- WHAT YOU WILL DO: The data below holds a line containing "Ram Kripal Yadav" and a line containing "con el cliente."; please quote exactly those two lines and every line between them, and nothing else.

--

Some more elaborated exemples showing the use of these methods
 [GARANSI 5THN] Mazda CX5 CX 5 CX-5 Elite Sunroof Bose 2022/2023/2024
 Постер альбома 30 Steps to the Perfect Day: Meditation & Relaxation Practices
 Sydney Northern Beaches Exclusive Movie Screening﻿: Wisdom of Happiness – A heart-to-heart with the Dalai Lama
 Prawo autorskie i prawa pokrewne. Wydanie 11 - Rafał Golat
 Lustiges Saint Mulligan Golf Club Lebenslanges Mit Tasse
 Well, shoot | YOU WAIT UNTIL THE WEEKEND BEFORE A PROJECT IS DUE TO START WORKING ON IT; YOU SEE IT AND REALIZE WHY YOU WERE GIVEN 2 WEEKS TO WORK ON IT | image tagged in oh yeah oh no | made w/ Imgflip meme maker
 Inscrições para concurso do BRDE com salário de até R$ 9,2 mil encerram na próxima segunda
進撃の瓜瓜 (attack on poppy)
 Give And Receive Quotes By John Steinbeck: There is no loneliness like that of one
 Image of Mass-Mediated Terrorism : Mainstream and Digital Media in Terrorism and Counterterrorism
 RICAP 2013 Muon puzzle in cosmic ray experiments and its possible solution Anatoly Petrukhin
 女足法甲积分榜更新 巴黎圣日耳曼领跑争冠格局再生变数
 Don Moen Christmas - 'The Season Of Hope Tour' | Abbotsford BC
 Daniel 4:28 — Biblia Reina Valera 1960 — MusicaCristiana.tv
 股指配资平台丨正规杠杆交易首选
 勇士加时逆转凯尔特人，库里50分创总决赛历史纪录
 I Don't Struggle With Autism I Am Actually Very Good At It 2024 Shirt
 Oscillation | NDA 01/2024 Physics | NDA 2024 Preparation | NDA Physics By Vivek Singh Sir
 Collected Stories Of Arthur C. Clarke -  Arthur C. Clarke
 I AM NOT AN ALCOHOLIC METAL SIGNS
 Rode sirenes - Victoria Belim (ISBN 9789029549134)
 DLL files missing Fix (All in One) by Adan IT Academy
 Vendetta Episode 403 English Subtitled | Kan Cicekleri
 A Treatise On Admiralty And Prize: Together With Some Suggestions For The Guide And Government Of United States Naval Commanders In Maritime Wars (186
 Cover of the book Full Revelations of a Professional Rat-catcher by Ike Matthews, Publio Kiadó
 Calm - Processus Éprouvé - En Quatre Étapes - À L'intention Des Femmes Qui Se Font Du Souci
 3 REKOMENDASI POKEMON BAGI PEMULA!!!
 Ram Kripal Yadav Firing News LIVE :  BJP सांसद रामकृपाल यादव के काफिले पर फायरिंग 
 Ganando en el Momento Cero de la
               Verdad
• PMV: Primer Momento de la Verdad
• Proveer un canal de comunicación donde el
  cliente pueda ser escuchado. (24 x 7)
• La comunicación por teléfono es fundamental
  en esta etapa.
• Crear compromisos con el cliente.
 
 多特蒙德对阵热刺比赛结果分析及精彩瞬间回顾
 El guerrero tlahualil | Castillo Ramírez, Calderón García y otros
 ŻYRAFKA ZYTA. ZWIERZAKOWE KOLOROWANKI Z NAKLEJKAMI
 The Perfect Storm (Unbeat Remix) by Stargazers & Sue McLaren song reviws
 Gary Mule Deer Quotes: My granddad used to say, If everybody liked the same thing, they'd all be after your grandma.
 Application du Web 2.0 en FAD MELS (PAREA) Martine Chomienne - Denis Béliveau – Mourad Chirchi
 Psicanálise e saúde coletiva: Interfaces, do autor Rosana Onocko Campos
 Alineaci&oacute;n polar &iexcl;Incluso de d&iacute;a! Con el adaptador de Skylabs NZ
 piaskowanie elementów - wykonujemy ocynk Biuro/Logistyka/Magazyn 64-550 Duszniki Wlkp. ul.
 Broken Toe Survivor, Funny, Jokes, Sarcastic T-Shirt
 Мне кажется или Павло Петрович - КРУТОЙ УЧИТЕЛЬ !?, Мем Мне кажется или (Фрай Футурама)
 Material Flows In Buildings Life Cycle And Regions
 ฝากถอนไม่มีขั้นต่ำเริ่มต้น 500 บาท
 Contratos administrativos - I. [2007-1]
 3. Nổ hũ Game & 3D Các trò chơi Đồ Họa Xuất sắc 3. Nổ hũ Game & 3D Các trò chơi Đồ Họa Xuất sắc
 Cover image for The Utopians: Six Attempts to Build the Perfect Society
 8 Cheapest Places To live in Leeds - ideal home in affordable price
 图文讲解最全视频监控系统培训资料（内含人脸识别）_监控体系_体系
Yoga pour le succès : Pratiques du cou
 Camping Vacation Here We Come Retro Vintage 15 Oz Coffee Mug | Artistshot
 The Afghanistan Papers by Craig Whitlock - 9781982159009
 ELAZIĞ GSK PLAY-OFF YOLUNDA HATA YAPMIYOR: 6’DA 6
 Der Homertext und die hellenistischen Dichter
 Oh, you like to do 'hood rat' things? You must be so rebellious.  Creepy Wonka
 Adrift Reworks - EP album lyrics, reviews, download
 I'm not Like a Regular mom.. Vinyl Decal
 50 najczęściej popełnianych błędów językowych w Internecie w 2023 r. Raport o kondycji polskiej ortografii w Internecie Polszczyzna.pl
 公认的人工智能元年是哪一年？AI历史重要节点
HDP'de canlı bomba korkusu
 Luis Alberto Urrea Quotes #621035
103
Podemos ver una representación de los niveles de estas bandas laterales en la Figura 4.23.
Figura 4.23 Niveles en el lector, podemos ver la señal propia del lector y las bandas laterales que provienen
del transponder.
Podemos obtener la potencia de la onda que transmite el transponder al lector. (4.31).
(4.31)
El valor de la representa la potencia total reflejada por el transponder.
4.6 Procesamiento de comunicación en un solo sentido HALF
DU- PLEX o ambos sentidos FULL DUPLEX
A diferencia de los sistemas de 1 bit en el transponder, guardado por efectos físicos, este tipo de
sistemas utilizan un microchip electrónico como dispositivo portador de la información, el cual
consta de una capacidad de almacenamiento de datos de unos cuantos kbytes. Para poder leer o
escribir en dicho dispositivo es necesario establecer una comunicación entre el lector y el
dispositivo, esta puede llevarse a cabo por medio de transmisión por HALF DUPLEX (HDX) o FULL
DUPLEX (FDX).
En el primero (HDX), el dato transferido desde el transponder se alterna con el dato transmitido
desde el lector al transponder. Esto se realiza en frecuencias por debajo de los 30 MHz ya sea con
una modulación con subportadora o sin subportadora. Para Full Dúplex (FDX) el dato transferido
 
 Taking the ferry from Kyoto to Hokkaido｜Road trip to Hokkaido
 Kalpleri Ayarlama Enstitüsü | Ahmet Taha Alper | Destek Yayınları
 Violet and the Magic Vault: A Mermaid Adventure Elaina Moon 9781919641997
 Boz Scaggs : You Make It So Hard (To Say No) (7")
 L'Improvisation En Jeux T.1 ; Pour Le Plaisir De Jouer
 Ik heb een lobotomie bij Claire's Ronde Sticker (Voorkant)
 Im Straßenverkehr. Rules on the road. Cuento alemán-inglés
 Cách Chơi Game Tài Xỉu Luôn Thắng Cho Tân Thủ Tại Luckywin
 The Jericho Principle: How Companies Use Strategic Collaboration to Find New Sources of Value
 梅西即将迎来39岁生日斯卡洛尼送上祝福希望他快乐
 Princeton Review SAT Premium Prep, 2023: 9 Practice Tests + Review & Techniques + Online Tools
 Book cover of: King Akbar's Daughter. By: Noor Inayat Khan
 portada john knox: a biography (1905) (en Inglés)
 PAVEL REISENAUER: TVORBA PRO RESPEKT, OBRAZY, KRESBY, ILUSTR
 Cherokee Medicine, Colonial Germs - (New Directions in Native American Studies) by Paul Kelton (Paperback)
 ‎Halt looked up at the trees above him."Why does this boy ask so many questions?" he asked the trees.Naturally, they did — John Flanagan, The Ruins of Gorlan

--

- WRITTEN SOLUTION:
 Ram Kripal Yadav Firing News LIVE :  BJP सांसद रामकृपाल यादव के काफिले पर फायरिंग 
 Ganando en el Momento Cero de la
               Verdad
• PMV: Primer Momento de la Verdad
• Proveer un canal de comunicación donde el
  cliente pueda ser escuchado. (24 x 7)
• La comunicación por teléfono es fundamental
  en esta etapa.
• Crear compromisos con el cliente.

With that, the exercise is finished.